- **Input data**
————————

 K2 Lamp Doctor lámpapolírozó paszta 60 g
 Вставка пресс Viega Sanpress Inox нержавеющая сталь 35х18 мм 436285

————————

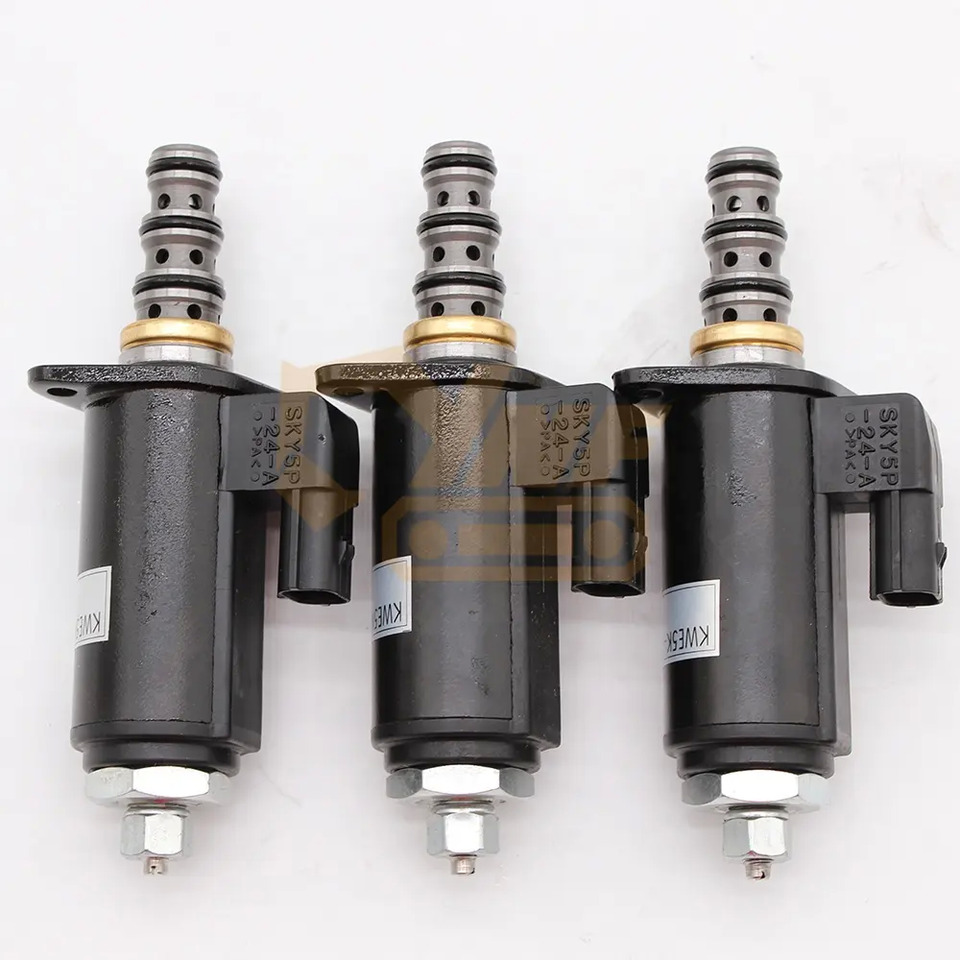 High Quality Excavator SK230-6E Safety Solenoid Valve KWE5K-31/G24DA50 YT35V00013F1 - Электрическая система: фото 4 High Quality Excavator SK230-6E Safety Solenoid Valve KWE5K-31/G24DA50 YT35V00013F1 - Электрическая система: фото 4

————————

Using the entries above, repeat only the lines from the one containing "K2 Lamp Doctor lámpapolírozó paszta 60 g" through the one containing "Вставка пресс Viega", end lines included.

- **Output for this task**
 K2 Lamp Doctor lámpapolírozó paszta 60 g
 Вставка пресс Viega Sanpress Inox нержавеющая сталь 35х18 мм 436285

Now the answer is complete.